### GIVEN INFORMATION
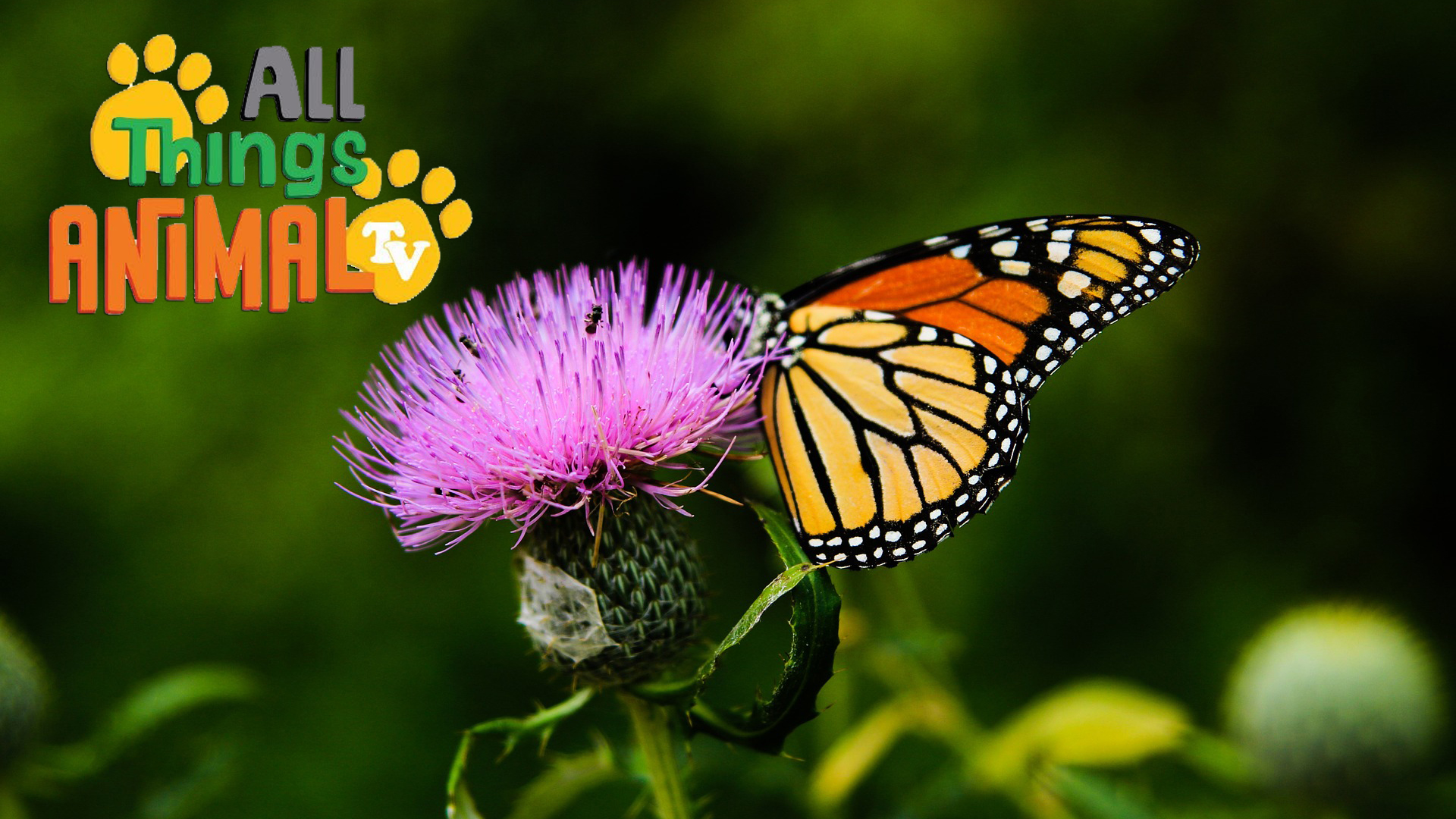 All Things Animal : Butterflies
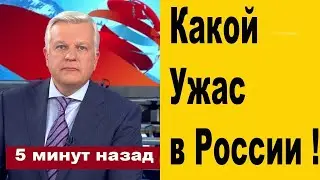 Люди Озверели! Вы Только Посмотрите Что Творится...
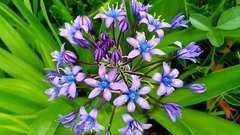 Scilla peruviana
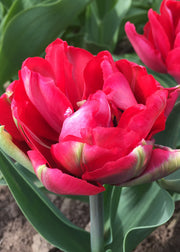 Tulipa Promiss Bulbs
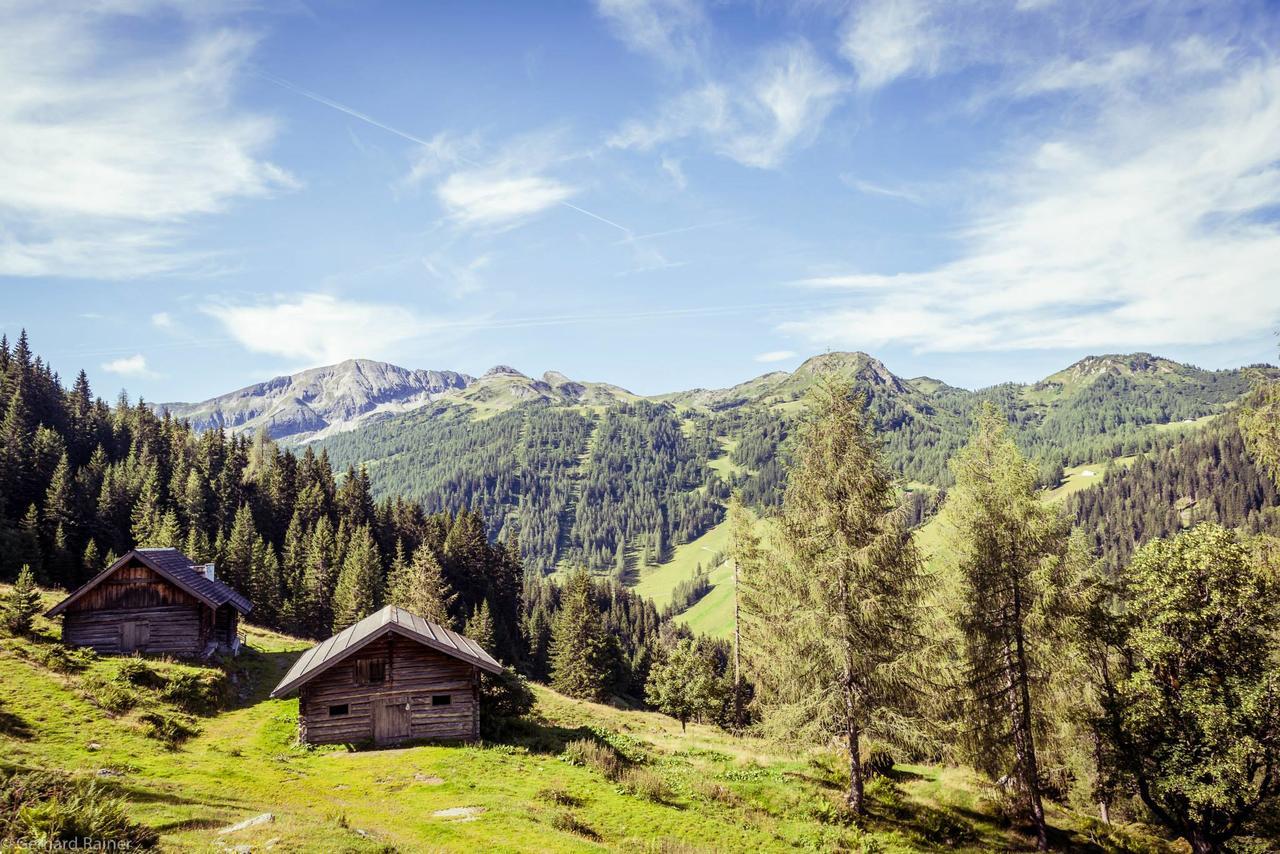 Hotel Alpenrose Цаухензе Екстер'єр фото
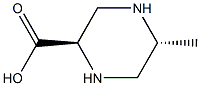 (2R,5R)-5-methylpiperazine-2-carboxylic acid,2380469-43-0,结构式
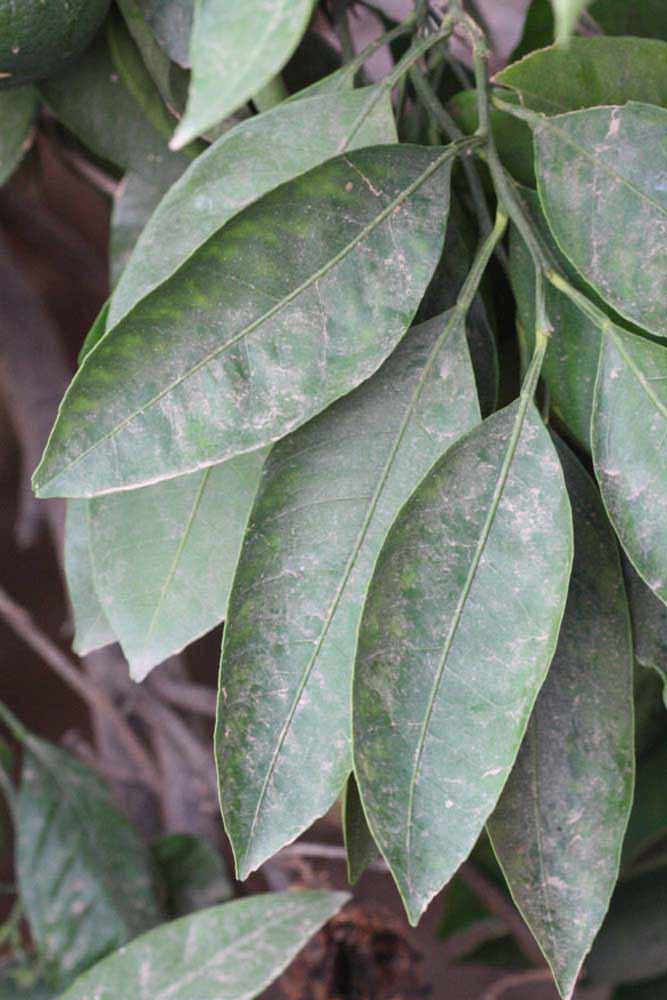              Shade leaves (Riverside, CA)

### WHAT TO DO
Except for the pictures, set down each line of the records exactly as it appears.

### TASK RESPONSE
 All Things Animal : Butterflies
 Люди Озверели! Вы Только Посмотрите Что Творится...
 Scilla peruviana
 Tulipa Promiss Bulbs
 Hotel Alpenrose Цаухензе Екстер'єр фото
 (2R,5R)-5-methylpiperazine-2-carboxylic acid,2380469-43-0,结构式
              Shade leaves (Riverside, CA)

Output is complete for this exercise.